Resolving this issue seems simple. Move on from the mistakes you have made, learn from them, be more mindful in the words to come.


Easier said than done, do you agree?

Here are a few ways to help us all be a little more mindful in our everyday words:



1. Think Before You Speak.


There are many times in life where I have spoken out of emotion and later regretted it. While it may not be possible to turn off your emotions, it is possible to think forward in your emotions. Many times we say words that spread hurt out of anger or fear. Do we want to spread hurt? Will this make you feel any better or will it make you feel worse? Most likely, your intent is not to spread hurt but to protect and defend yourself from hurt. Be mindful in your words and show vulnerability when it matters most. If you aren’t able to give yourself the space to do this in the moment, then simply ask for time to gather your thoughts and come back to the conversation. Ensure you do come back to it though or else you risk unresolved conflict and greater emotion the next time around.

2. Be Positive.


Propose solutions rather than problems. Communicate your vision and resolution for an issue rather than just the issue itself. Highlight the positives in a negative situation as best as you can. If life has taught me anything, it is that things can always get worse and you are more well equipped to get through it than you believe. When you find yourself getting down on things, make sure to take a step back to look at the full picture. Most times all it takes is a quick perspective change and some gratitude to change an unfavorable situation.

3. Take Responsibility.


Before you point the finger, reflect on what changes could have been made on your end. Many times we dial in on every single mistake another made but tend to brush some of our own mistakes under the rug. Are we counting every single one of our triumphs and every single one of the other’s failures? Take responsibility for your own short comings and take the time to appreciate the others triumphs. Use this as an opportunity to truly view a conflict from both points of view. Can you say that your actions had absolutely nothing to do with the result? If so, great! If not, take the time to think about what you could have done differently before you’re so quick to place blame.

4. Show Kindness.


Alway communicate with compassion and understanding. How often do you regret spreading kindness over hate? This brings to mind the golden rule - treat others how you wish to be treated. No person in life has come out unscathed of hurtful words. We all know how it feels to receive kind words and we all know how it feels to receive hurtful words. How do we feel about the people we have received kind vs hurtful words from? Which person do we wish to be to someone else?

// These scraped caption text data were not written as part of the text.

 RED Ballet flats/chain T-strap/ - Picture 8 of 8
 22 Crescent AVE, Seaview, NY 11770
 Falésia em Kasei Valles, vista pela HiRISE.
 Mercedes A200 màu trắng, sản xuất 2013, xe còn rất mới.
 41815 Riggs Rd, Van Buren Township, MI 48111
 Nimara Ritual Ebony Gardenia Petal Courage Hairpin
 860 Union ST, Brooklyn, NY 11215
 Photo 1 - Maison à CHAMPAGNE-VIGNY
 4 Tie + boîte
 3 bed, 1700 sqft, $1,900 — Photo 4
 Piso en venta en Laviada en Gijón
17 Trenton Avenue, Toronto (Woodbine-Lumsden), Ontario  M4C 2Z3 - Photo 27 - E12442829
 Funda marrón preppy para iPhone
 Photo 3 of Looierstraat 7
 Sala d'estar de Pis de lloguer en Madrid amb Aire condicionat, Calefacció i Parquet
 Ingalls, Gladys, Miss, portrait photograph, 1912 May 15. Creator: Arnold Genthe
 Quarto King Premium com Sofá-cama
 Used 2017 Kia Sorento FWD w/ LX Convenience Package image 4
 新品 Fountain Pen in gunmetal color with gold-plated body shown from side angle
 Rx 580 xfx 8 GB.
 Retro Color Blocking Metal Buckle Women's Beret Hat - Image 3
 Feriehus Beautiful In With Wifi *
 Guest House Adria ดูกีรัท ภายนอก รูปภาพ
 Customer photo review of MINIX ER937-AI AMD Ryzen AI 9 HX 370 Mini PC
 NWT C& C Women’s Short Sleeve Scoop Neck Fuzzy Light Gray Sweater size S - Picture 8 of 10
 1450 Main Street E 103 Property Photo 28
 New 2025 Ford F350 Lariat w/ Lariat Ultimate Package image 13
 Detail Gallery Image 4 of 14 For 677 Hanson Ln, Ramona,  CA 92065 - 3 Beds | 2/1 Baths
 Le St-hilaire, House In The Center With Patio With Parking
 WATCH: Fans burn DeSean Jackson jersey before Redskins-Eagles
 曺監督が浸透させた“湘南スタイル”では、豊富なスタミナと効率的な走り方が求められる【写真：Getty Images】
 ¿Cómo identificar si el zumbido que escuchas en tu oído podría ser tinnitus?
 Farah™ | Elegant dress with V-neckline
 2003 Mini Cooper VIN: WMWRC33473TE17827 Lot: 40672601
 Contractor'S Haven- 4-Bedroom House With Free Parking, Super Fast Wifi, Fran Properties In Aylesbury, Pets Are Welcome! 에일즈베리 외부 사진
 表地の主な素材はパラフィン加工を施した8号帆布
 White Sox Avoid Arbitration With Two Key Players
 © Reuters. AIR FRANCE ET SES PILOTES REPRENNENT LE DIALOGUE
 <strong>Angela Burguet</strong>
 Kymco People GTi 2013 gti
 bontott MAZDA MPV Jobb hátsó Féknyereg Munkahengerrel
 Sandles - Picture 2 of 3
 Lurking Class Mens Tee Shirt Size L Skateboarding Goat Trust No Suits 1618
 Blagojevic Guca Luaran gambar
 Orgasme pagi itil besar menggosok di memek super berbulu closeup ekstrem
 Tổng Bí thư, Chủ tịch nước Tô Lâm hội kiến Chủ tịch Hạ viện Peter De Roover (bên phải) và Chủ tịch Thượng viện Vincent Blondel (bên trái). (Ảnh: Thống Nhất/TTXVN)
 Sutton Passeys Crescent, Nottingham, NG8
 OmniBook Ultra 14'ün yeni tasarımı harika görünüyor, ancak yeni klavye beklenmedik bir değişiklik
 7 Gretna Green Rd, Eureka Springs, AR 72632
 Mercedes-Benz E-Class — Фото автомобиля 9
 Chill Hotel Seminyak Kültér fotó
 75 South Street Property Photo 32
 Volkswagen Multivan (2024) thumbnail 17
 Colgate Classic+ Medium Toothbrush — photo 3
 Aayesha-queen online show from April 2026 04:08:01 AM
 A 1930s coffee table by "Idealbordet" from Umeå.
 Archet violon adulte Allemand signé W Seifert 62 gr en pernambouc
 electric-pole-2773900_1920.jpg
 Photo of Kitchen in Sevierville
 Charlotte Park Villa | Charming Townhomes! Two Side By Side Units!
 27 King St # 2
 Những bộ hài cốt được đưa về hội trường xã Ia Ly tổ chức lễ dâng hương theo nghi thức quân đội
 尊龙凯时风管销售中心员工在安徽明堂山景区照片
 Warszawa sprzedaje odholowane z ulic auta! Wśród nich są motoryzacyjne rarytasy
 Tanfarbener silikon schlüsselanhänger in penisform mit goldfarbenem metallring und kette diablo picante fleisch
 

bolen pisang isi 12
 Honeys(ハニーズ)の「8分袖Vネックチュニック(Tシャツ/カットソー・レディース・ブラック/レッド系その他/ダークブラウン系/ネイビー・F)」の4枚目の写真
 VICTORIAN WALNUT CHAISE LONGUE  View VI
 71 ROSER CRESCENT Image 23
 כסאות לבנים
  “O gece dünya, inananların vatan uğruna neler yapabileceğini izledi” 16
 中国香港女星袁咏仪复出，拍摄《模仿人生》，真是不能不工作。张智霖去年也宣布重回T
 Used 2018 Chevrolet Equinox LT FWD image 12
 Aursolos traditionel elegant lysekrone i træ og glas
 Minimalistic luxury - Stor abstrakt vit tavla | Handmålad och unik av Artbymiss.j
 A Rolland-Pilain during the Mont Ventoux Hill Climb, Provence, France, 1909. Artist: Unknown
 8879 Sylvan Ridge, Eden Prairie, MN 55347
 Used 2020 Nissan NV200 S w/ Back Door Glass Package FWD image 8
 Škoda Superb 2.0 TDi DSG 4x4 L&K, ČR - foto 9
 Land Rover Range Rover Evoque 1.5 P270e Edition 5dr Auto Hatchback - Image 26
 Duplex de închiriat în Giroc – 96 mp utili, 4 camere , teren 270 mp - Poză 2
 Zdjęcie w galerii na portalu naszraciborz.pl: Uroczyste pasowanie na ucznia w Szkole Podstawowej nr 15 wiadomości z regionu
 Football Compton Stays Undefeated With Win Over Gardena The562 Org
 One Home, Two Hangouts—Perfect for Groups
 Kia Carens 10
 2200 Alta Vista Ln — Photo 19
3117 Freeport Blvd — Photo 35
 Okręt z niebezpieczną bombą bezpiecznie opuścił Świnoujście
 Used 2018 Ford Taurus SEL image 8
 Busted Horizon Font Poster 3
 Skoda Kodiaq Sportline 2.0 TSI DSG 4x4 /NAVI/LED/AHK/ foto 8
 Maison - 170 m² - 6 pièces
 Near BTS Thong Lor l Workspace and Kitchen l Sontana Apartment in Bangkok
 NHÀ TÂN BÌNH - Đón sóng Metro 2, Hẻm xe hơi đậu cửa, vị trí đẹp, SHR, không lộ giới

5. Talk Less, Listen More.


There comes a time when words aren’t what is needed. Many times we even don’t have the words to say, overcompensate by saying too much, ending in saying the wrong thing. If you don’t have the words just yet, listen. Take the time to practice deep listening. If you don’t have the words yet, maybe you don’t have the full picture just yet. Allow the person enough time to express all they are feeling and the full situation. There is a lot to be said about a person who can deeply listen and most times you’re communicating a lot in your silence. You are communicating support and care for the other’s words. If you are putting so much thought into your own words, don’t you think others appreciate you hearing words of their own?


This may not be a full resolution but remember that mindfulness is a practice before it is a state. Let every moment be an opportunity for awareness and a space for insight.


What words will you spread into the world today?


Will you provide solutions or problems? Will you spread compassion or hate?


Take the time to be mindful in your words today.